What have we become (and what are we becoming?)
Every day, we change. We move (slowly) toward the person we'll end up being.
Not just us, but our organizations. Our political systems. Our culture.
Are you more generous than the you of five or ten years ago? More confident? More willing to explore?
Have you become more brittle? Selfish? Afraid?
Grumpy and bitter isn't a place we begin. It's a place we end up.
Do we intentionally choose the optimistic path? Are we eagerly more open to change and possibility?
Every day we make the hard decisions that build a culture, an organization, a life.
Since yesterday, since last week, since you were twelve, have you been making deposits or withdrawals from the circles of supporters around you?
People don't become selfish, hateful and afraid all at once. They do it gradually.

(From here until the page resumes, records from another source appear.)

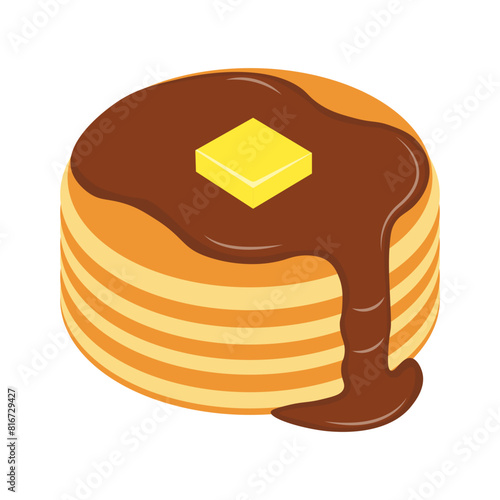National Pancake Day with Chocolate Cream. Vector Illustration on White Background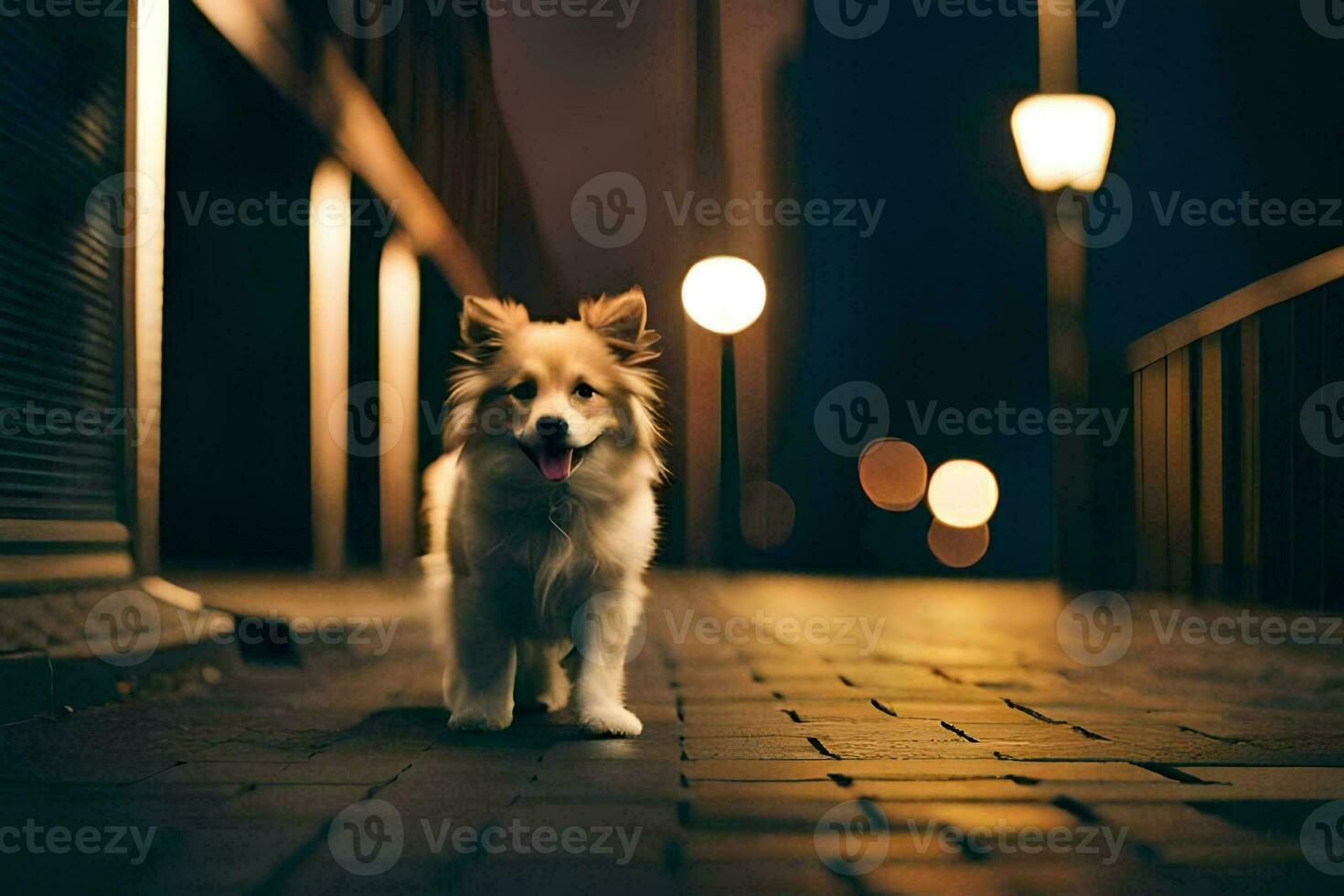 a dog walking on a street at night. AI-Generated photo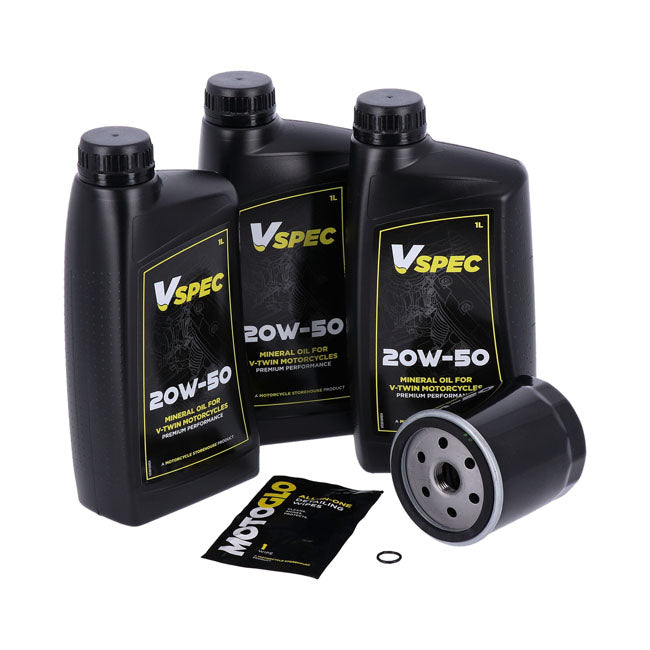 MCS, engine oil service kit. 20W50 Mineral — 84-98 Softail; 87-94 FXR model; 86-22 XL Sportster (NU)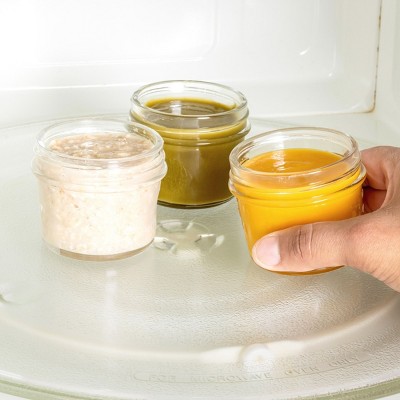 Terracotta Glass Baby Food Storage Jars Set, 4oz, 12-Pack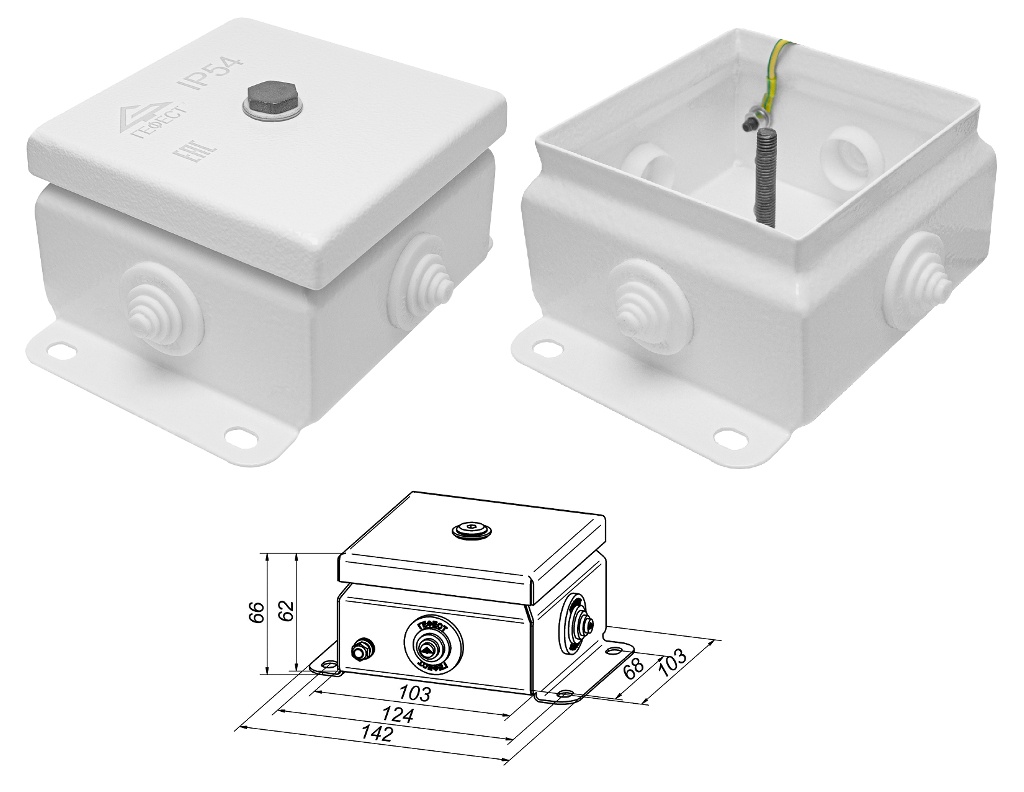 КМ IP55-1010 (без DIN рейки), коробка монтажная электротехническая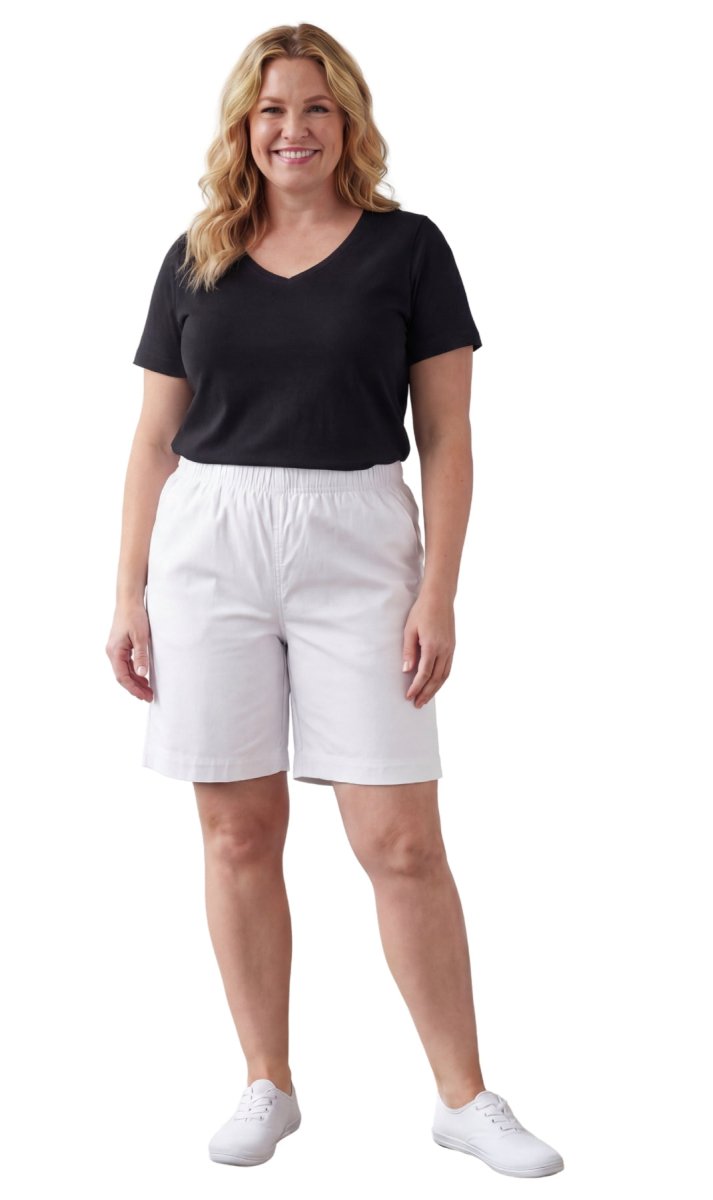 Women's Pull On Denim & Twill Shorts with stretch waist - No zipper or buttons - Codex AI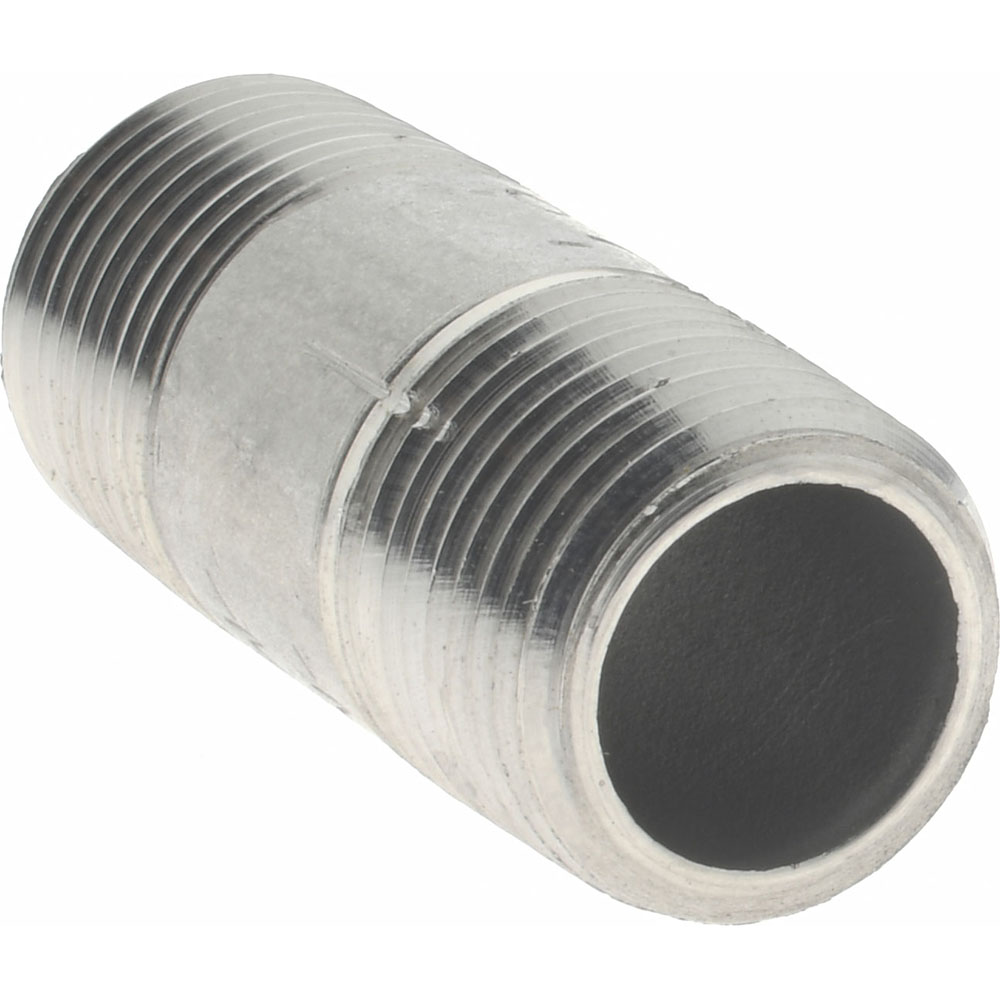 Merit Brass Stainless Steel Pipe Nipple: 3/8" Pipe, Grade 304 & 304L - 4006-150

When we see the dystopian worlds depicted in movies and books, are we closer to those outcomes than a generation ago? Do we find ourselves taking actions that make our conversations more considered, our arguments more informed, our engagements more civil? Or precisely the opposite, because it's easier?
Your brand, your company, your community: it has so much, is it still playing the short game?
When your great-grandfather arrives by time machine, what will you show him? What have you built, what are you building? When your great-grandchildren remember the choices we made, at a moment when we actually had a choice, what will they remember?
We are always becoming, and we can always make the choice to start becoming something else, if we care.